Задумавшись, я не слышал, как он вошел в калитку. Я оборачиваюсь. Ко мне подходит улыбающийся дядя Ваня с большими свертками в руках. Мне нравится мой дядя, который не так уж намного старше меня. Я впервые увидел его, когда он демобилизовался из армии и приехал к нам в Крым, где и познакомился с отдыхавшей там Анной. С тех пор прошло семь лет. Он добрый и весёлый человек. Казалось, что для него нет проблем, которые бы он не мог решить.
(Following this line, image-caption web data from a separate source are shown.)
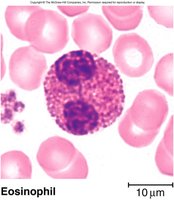 Eosinophil blood smear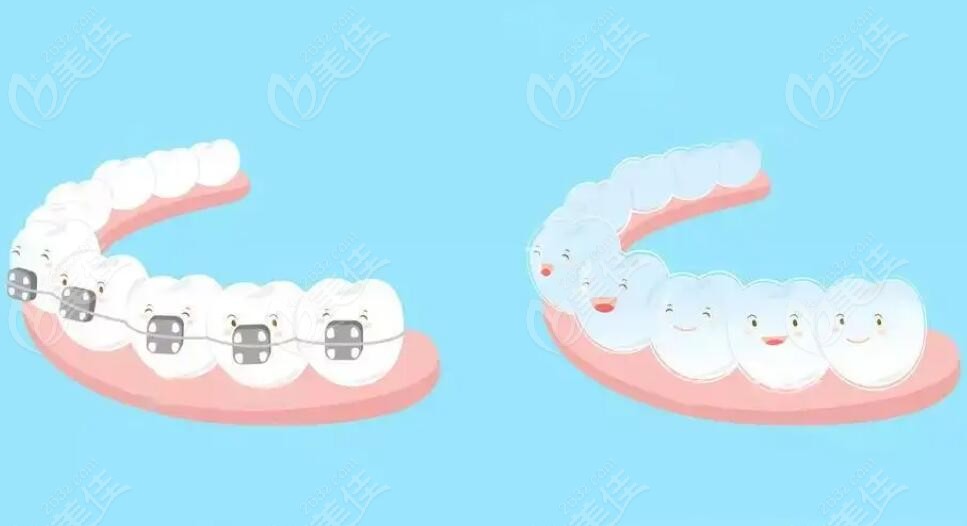  Yibin Dental Charging Standard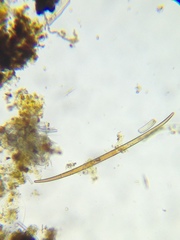 Closterium baillyanum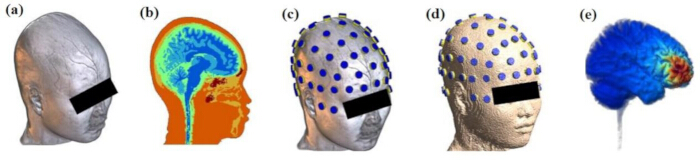 Brain imaging and EEG setup; diagram comparing 3D scalp models, MRI, electric field analysis.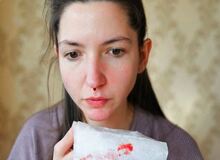 چگونه خون دماغ را بند بیاوریم؟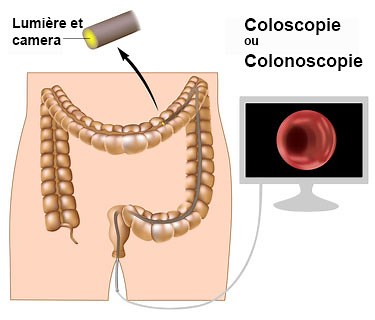 Coloscopie ou colonoscopie examen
Он из тех, кого называют надежными мужиками.
— Привет, — говорю я. — Я не слышал, как ты подъехал на машине.
— Я — не на машине. Она уже в гараже. До Нового года. Так, что ты тут делаешь? — уже согнав с лица улыбку, спрашивает дядя.
Я не успеваю ответить, как с крыльца раздаётся:
— Ой, Ванечка! Приехал, наконец, родненький. А мы тебя уже заждались.
Анна сбегает с крыльца и бросается на шею мужу. Но свёртки в его руках мешают.
— Возьми пакеты, — обращается ко мне Иван. — Так, что здесь парень делает? — поворачивается он к жене. — Я помню, что он должен быть сегодня с «ночной». Почему он не отдыхает?
— Ну, что ты, Ванечка? Он уже отдохнул. А дрова он сам вызвался наколоть. Что ему трудно? — суетится Анна.
— Наколотых им дров тебе хватит на весь год, — уже начинает злиться Иван. — Если я узнаю, что ты используешь моего племянника как батрака, я тебя проучу. Ты меня знаешь!
— Ну, успокойся, успокойся! Ничего с ним не будет. Пойдём лучше в дом.
Я стою молча. С крыльца на отца сыпятся девчонки и он сияет. Неся их на обеих руках, он входит в дом. Следом за ними со свёртками следую я.
В доме начинается суета. Я захожу в свою каморку, ложусь на кровать и сразу же отключаюсь.
Будит меня Анна:
— Вставай! Пора обедать. Умывайся и иди за стол!
За столом уже сидит вся семья. Девчонки забрались на колени отца с обеих сторон. Я здороваюсь с «хозяйкой», которая выглядит вполне отдохнувшей. Наверно успела уже приложиться к своей «настойке». Стол уставлен самой разнообразной едой, хотя празднование ещё только предстоит вечером. В этом доме вообще любят поесть и недостатка продуктов здесь не знают. Что не может достать Анна, работающая секретарем в райисполкоме, привозит Иван из своих дальних рейсов. Так что магазинами, в которых сейчас пустые полки, они почти не пользуются. Разве что иногда — рынком. Деньги им это позволяют. Я же питаюсь отдельно на свою зарплату. Так решила Анна в целях моего воспитания. Меня выручает заводская столовая, где кормят прилично и недорого. Дома приходится изворачиваться из собственных возможностей. Иногда мне перепадает кое–что с хозяйского стола, главным образом, по праздникам или даже иногда по воскресеньям. Но когда в доме — дядя Ваня, ситуация совершенно меняется. Я становлюсь равноправным членом семьи и сижу за столом вместе со всеми. В эти редкие дни я отъедаюсь и отсыпаюсь. Но с дядей я никогда об этом не говорил.